Hal Hartley's film school pretensions wear exceptionally thin in this thrice-told tale It is in effect the same story about an incorrigible flirt who must decide whether or not to commit to a current lover, told three times and realized with the same mannered dialogue, but set amongst different characters, in different places and at different times.
Whilst this conceit has a certain appeal, Hartley's general inability to do anything with it other than tickle up the production design for each chapter means that each version is less interesting than the one before it (and the only bits which are interesting, which involve a group of men in a lavatory in the first story and a trio of workers in the second, are not part of the reiterated pattern).
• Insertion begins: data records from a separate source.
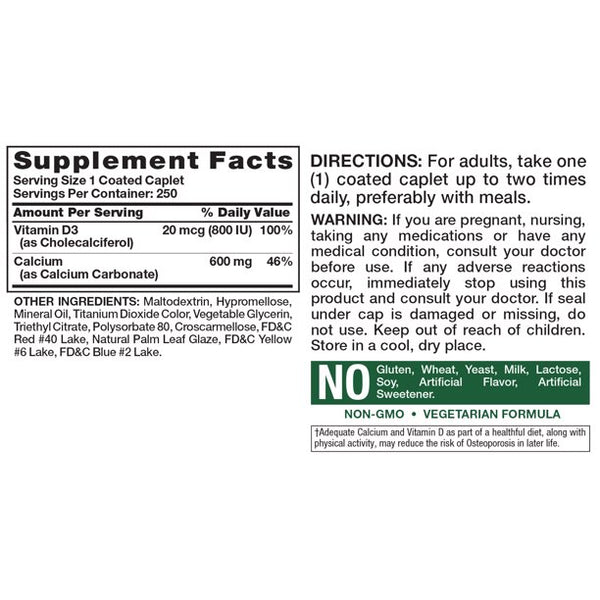 Nature's Truth Calcium 600 mg Plus Vitamin D3 250 Caplets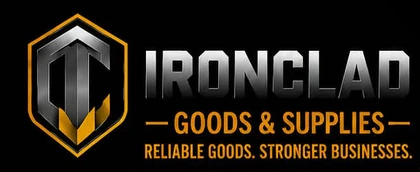 Ironclad Goods and Supplies logo: a shield mark beside the wordmark and the tagline Reliable Goods, Stronger Businesses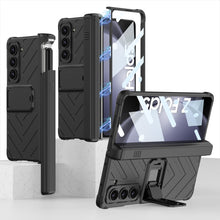 Load image into Gallery viewer, Magnetic Armor All-included Slide Pen Case With Back Screen Glass Hinge Holder Phone Cover For Samsung Galaxy Z Fold3 Fold4 Fold5 - Mycasety Mycasety
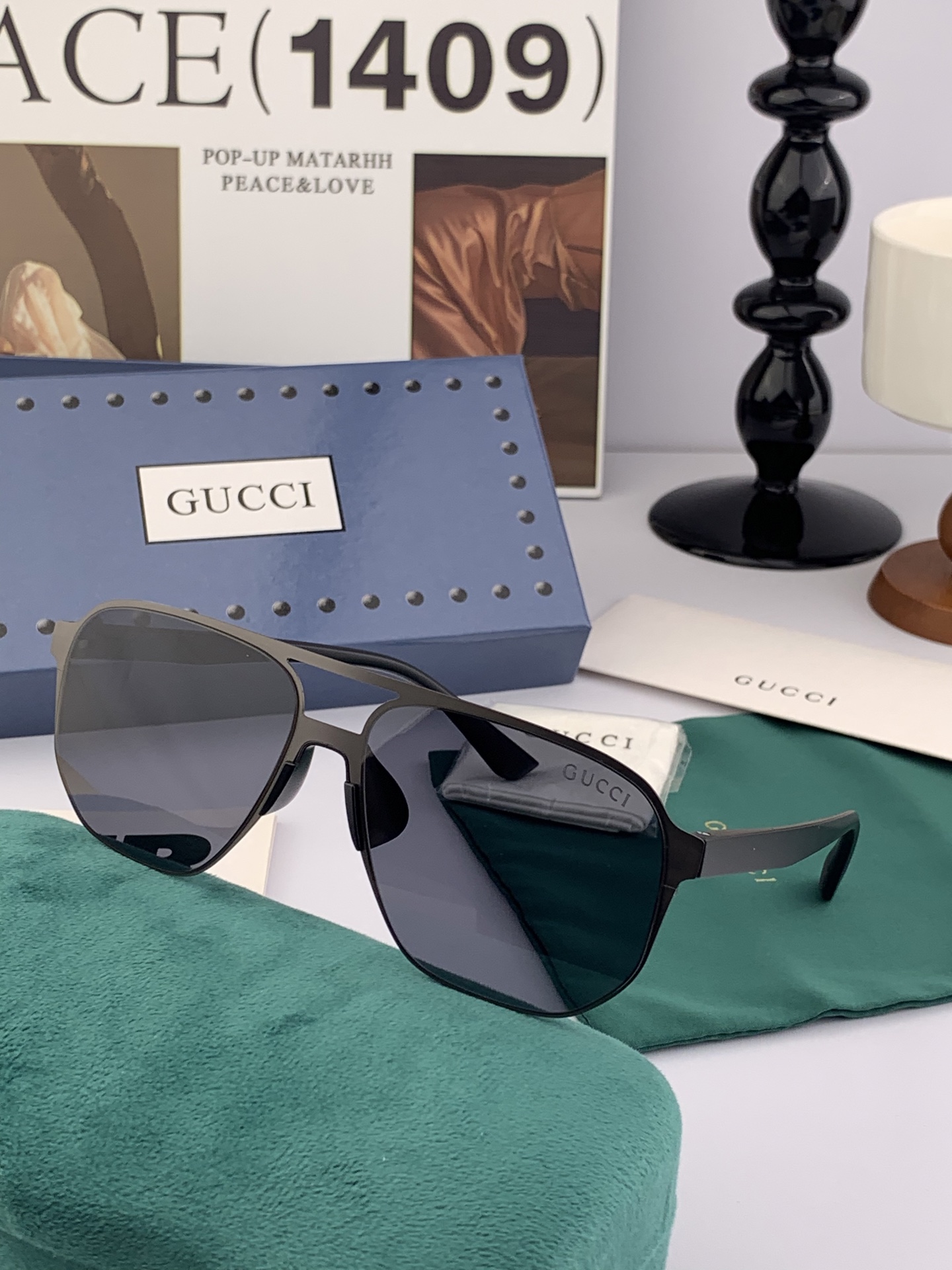         GUCCI 男款炫彩飞行员偏光太阳镜 ❤️材质：高清尼龙加厚卡槽高清偏光镜片 🌹无边框镜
The process of degeneration is consistent from story to story but by the time we get to the Tokyo version which opens with an experimental dance piece and features a spunky Japanese power-pop girl (Miho Nikaido, who is Hartley's wife) whose boyfriend is a film-maker (who is Hal Hartley) we are so smothered in pointless contrivance and self-conscious self-reflexivity that only the most stoical will be able to keep their seats or the pretentious would want to.
FYI: Flirt was initially only the first, New York-set segment and when Hartley received funding to make a feature the additional chapters were tacked on. Lacking a core, unifying concept such as Jim Jarmsuch’s tri-partite Midnight Train (1989) it is little surprise that the film progressively wears out its welcome.